As per issue records reported, you have persisted with java.lang.nullpointerexception error, that might reflect the usage of a null when the object required within an application run path.

Assuming the fact that you've successfully configured JDBC driver, I would recommend to check the source Database Properties across your pipeline in order to determine the undefined field, supposedly can be Import Query property field, that is used to import data from specified table by supplying SELECT query with appropriate $CONDITIONS if the number of splits to generate is more than 1:

SELECT * FROM <table> WHERE $CONDITIONS
Nick_Kh
  • 5,089
  • 2
  • 10
  • 16
  • Thanks for your response. Actually I have already checked and updated the SQL query; even after that it's showing error. It's very weird.did I miss any other process here?? – raj Jan 14 '20 at 12:06
  • Did you find any solution? I'm facing the same issue. – Balajee Venkatesh Feb 15 '20 at 12:48
  • Hi Balajee Venkatesh, No, Still facing the same issue. If you find any solution please let me know.
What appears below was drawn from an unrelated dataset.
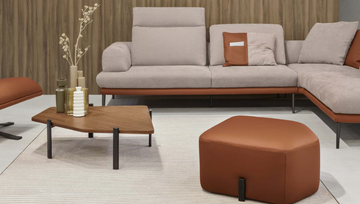 MUZZLE - Leather pouf by Max Divani - view 3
I will also update this thread if I found the answer. – raj Feb 18 '20 at 09:42
  • Hi everyone, If anyone has a answer for this question please let me know. – raj Mar 10 '20 at 17:32
0

UPDATE: https://issues.cask.co/browse/CDAP-16453 It's a known issue, fixed in 6.1.2

"Same error on MySQL 5.x Strange enough, if you deploy the pipeline and run it it works... I'm thinking about decoupling pipelines to have small sql-to-storage and the big pipeline in the outgoing flow"

regards Virgilio